* What to do
In the data below, find the line with "旧鞋回收有多暴利?在中国2元一双回收的旧鞋,卖到非洲能值70元" and output it along with every later line, exactly, but not the pictures.

* Items from a data source
---*---

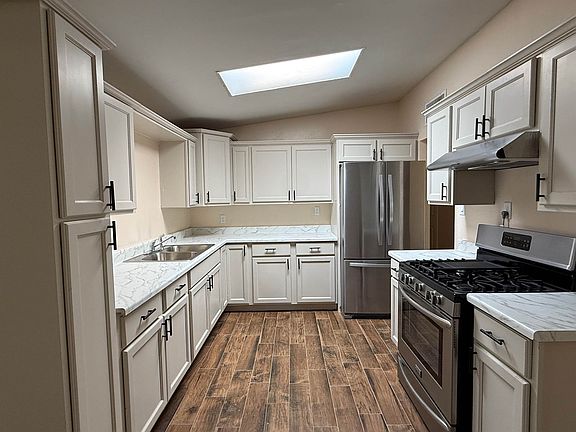 4th image of 924 W King St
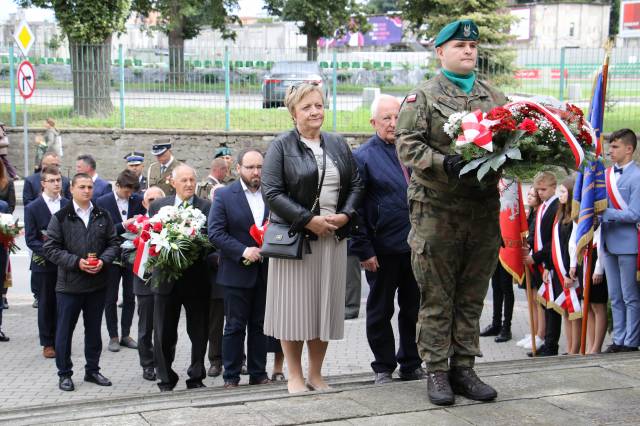 Składanie wiązanek kwiatów pod Pomnikiem Walk i Meczeństwa przez radnych Wandę Czerwiec oraz Antoniego Lotycza.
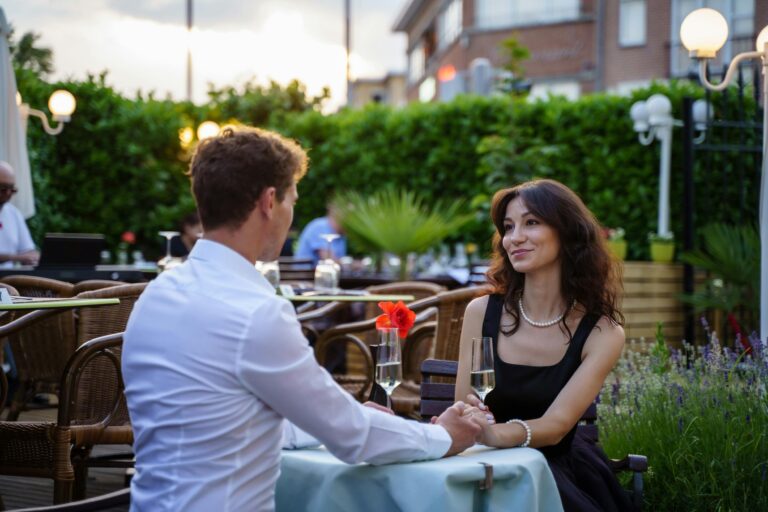 Sweet Words That Melt Her Heart: Real Romantic Messages Wives Never Forget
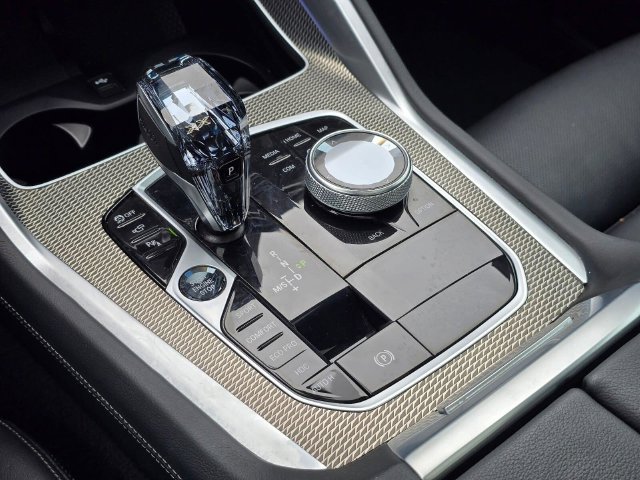 Used 2022 BMW X6 xDrive40i AWD/4WD image 30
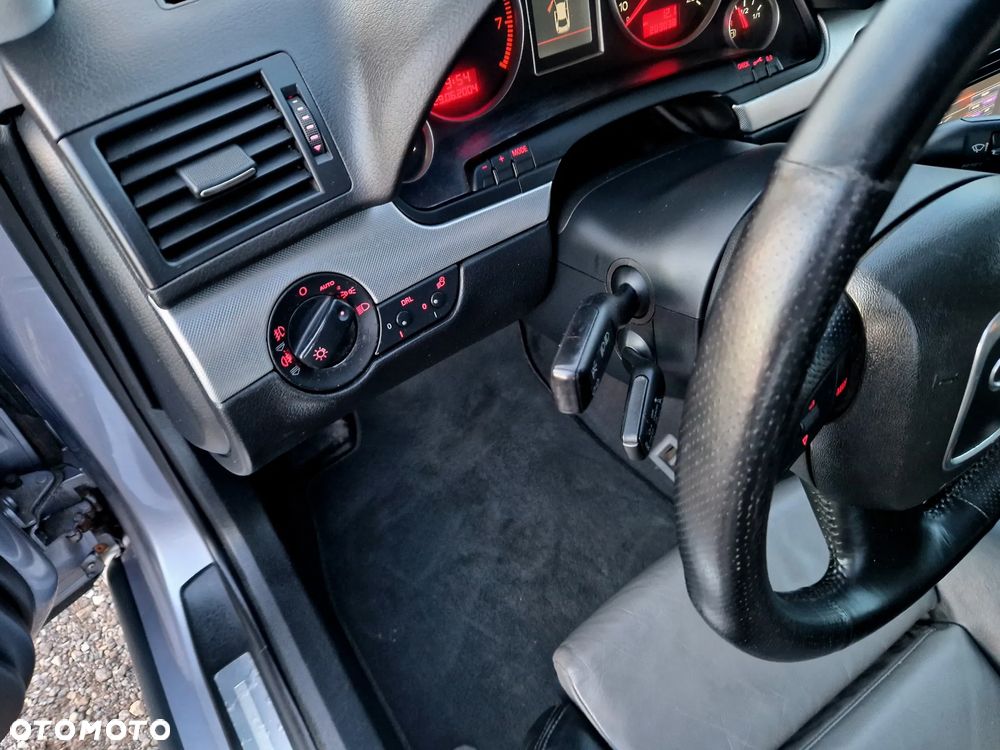 Audi A4 Avant - 19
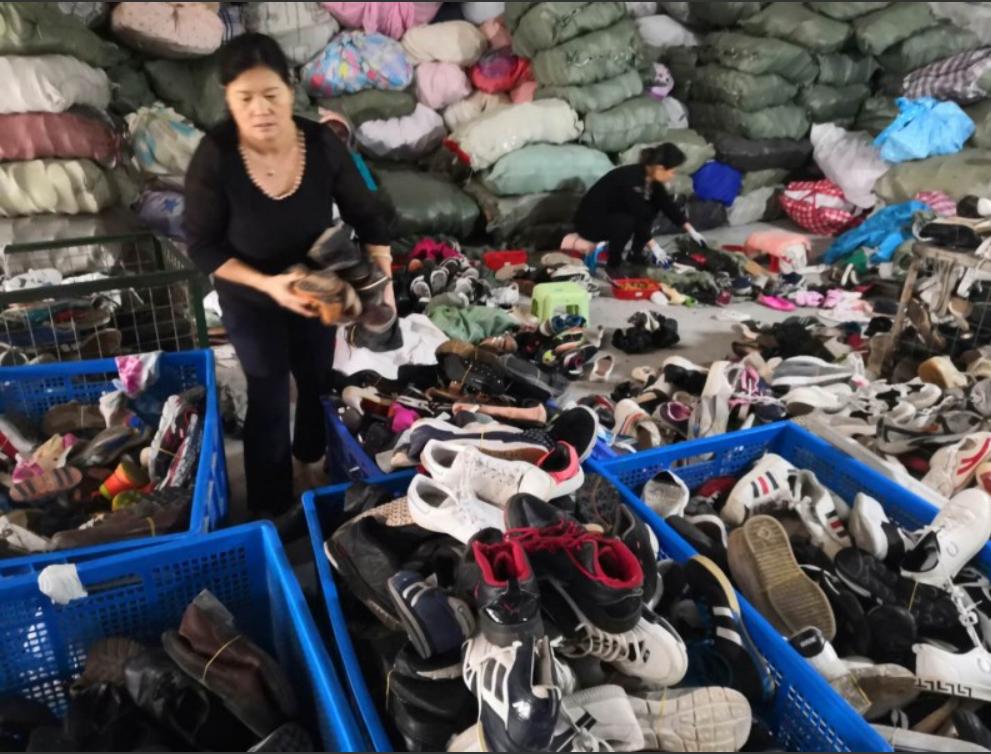 旧鞋回收有多暴利?在中国2元一双回收的旧鞋,卖到非洲能值70元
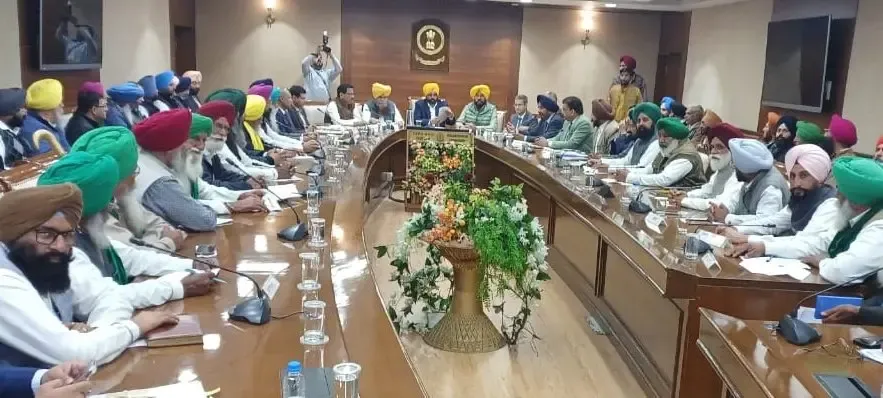 Union Minister Chouhan to Reengage with 28 Farmer Unions in Chandigarh Today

---*---

* Response below
 旧鞋回收有多暴利?在中国2元一双回收的旧鞋,卖到非洲能值70元
 Union Minister Chouhan to Reengage with 28 Farmer Unions in Chandigarh Today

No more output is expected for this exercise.